D. – Che realtà sono i poveri nelle Filippine?
R. – I ricchi diventano più ricchi e i poveri aumentano. Ci sono 12 milioni di filippini all’estero e questo è anche motivo di povertà. Da una parte, dal punto di vista economico, quello che i filippini dall’estero mandano in Patria è la risorsa più grande del Paese; dall’altra parte, ci sono i vari impatti, sia negativi sia positivi. Tra gli impatti negativi troviamo le famiglie che si dividono, quindi le varie situazioni di distanza; tra quelli positivi, c’è la speranza che la nostra gente possa portare un messaggio di pace nel mondo.
D. – Il tifone Haiyan o Yolanda che segno ha lasciato nel Paese? Com’è cambiato il Paese dal novembre 2013?
R. – Il Paese sta cercando di superare quel problema, ma qualche settimana fa abbiamo avuto un altro tifone molto grave. Quindi il Paese si deve abituare, purtroppo, con difficoltà, a questa realtà del clima che cambia. Celebrando il Natale si pensa dunque all’incarnazione del Signore in questo momento storico e in questa realtà particolare della povertà e della violenza che c’è nelle Filippine, ma diremo anche nel mondo.
D. – Lei è a Zamboanga, che è stata più volte attaccata dai ribelli del Fronte di liberazione nazionale Moro. A che punto è il dialogo?

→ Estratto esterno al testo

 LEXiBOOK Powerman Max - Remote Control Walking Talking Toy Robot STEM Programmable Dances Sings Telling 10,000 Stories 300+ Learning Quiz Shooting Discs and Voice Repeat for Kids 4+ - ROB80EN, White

R. – Delicato, perché il governo vorrebbe concludere un accordo che va avanti da anni con un gruppo d’insurrezione. Speriamo che arrivi a destinazione nel mondo giusto, però ci sono anche segnali di opposizione. Da parte nostra, cerchiamo in tutti i modi di creare un atteggiamento positivo. Qui a Zamboanga abbiamo avuto una guerra nel settembre del 2013, avvenuta purtroppo in un contesto in cui gli animi tra i cristiani e i musulmani si stanno dividendo. Il nostro lavoro è intenso, ci sono risultati, però c’è da lavorare con tanta fede e coraggio. Ci sono molti pregiudizi che vengono alimentati da questo clima internazionale, caratterizzato dall’avanzata dell’Is, del radicalismo islamico, che si sente anche qui da noi.

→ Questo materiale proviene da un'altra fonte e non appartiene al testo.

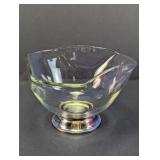 Clear Glass Pedestal Bowl with Silver Base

D. – Tra pochi giorni- dal 15 al 19 gennaio – il Papa sarà nelle Filippine. L’arcivescovo di Manila, il cardinale Tagle, ha detto che l’arrivo di Papa Francesco sarà come “un tifone di rinnovamento spirituale” per il Paese. Di cosa hanno bisogno oggi le Filippine?
R. – Questo cosiddetto “tifone” della presenza del Papa sicuramente porterà un grande segno di speranza. Quello che mi auguro che accada è che, dopo l’entusiasmo della visita, la comunità cristiana e cattolica in particolare veramente prenda sul serio l’impegno per i poveri e poi per la pace e la speranza. E che questa speranza non sia soltanto un fatalismo, ma un atto di fede vissuto ogni giorno nell’amore.